Eskişehir'de bir girişimci, sanat ve mühendisliği birleştirerek sağlık eğitimleri için yerli imkânlarla ürettiği yapay uzuvları dünyanın dört bir yanına ihraç ediyor.
Tepebaşı ilçesindeki Baksan Sanayi Sitesi'nde faaliyet gösteren firma, gerçek insan dokusuna oldukça yakın yapay kol, bacak ve gövde simülatörleri geliştiriyor. Firma sahibi Onur Ata, Anadolu Üniversitesi Güzel Sanatlar Fakültesi Seramik Bölümünden mezun olduktan sonra başladığı plastik makyaj ve hareketli heykel üretimini tıbbi eğitim alanına taşıdı.
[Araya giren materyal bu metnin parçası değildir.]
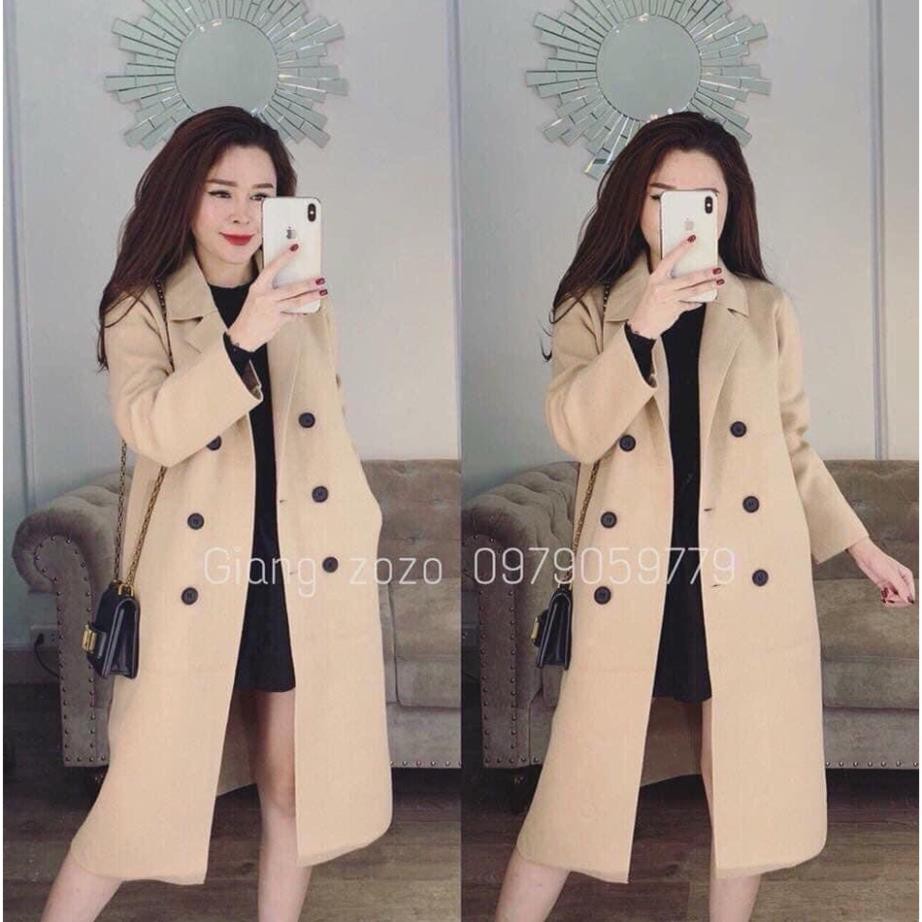 Áo khoác dạ trơn dáng dài túi chéo, dạ tweed dáng dài, dạ vest kẻ cao cấp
SANATTAN SAĞLIK EĞİTİMİNE UZANAN BİR YOLCULUK
Onur Ata, mevcut eğitim materyallerindeki eksiklikleri gözlemleyerek AR-GE çalışmalarına yöneldi.
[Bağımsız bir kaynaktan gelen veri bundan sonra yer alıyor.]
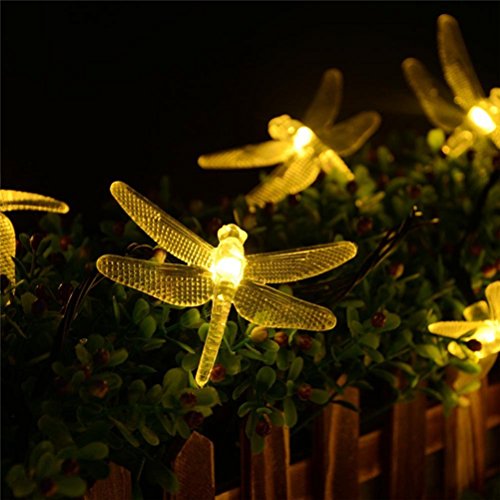 LEDMOMO Solar String Lights Dragonfly Fairy Lights Waterproof LED Hanging Lamp Decoration for Fence Christmas Trees Outdoor Garden Patio(Warm White)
- 3D yazıcılarla üretilen yapay uzuvlara
- Ten rengine yakın silikon kaplamalar
- Hareketli parçalar ve
- Senaryoya özel yazılım kartları eklendi.
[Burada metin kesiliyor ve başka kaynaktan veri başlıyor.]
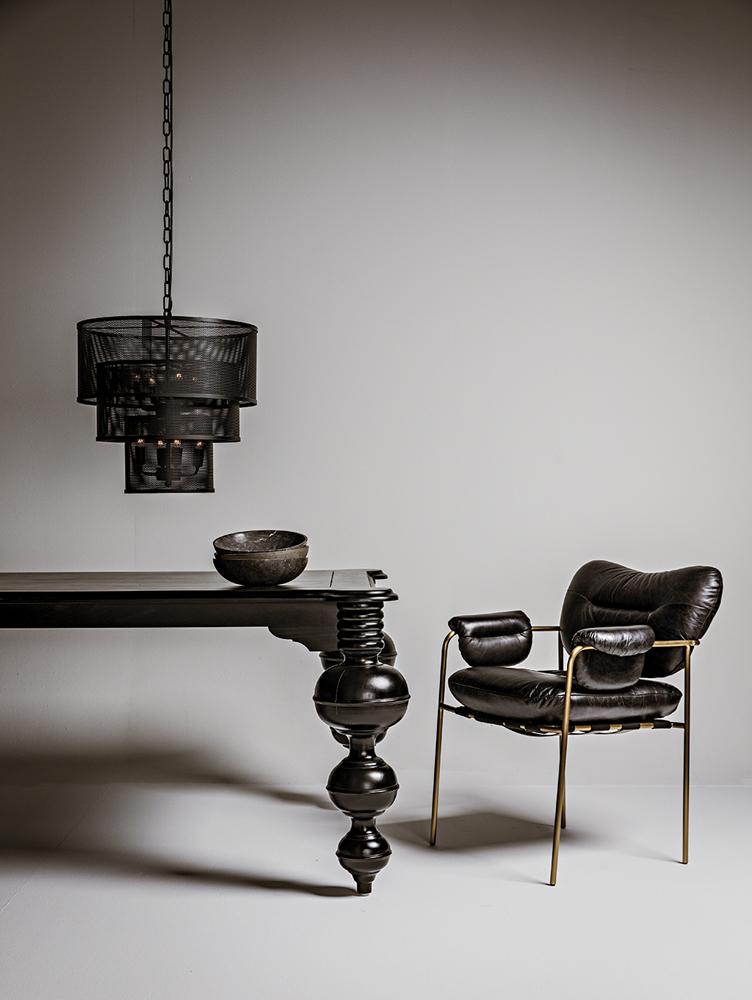 NOIR Claudio Dining Table Hand Rubbed Black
Bu sayede ürünler, uzaktan kumanda veya tablet ile senaryoya uygun şekilde kontrol edilebiliyor. Kanama, yara tıkama, pansuman ve benzeri travma müdahaleleri için birebir gerçeklikte eğitim yapılmasına olanak sağlıyor.
7 ÜLKEYE İHRACAT EDİLİYOR
Yerli üretim simülatörler bugün;
Polonya, Almanya, Rusya, Ukrayna, İsviçre, İtalya ve İspanya gibi ülkelere ihraç ediliyor.
Kullanıcılar arasında askeri birlikler, itfaiyeler, sağlık kuruluşları ve tıp eğitim kurumları yer alıyor.
SİMÜLASYON EĞİTİMİNDE YENİ DÖNEM
Simülatörleri eğitimlerinde aktif olarak kullanan emekli SAT komandosu Hakan Çalışkan, bu ürünlerin pratik reflekslerin geliştirilmesinde büyük öneme sahip olduğunu belirtiyor:
“Gerçek bir yaralanma senaryosunu canlı bir insan üzerinde uygulayamazsınız. Bu simülatörlerle, baskı ve stres altında doğru müdahaleyi refleks haline getirebiliyoruz.”
Çalışkan, 5 yılda 250 kursiyere uluslararası geçerliliğe sahip sertifikalı eğitim verdiklerini de ekliyor.
YENİ MODELLER YOLDA
Firmanın geliştirdiği modeller arasında:
- Yara müdahalesine uygun gövde ve uzuvlar
- Giyilebilir simülatörler
- İğne, enjeksiyon ve kan alma uygulamaları için yapay damarlı eğitim kolları yer alıyor.
Onur Ata, modelleri çeşitlendirmek için AR-GE çalışmalarının sürdüğünü belirtiyor. Mekanikten görsel detaylara kadar tüm süreçlerin yerli mühendis ve sanatçılarla yürütüldüğünü vurguluyor.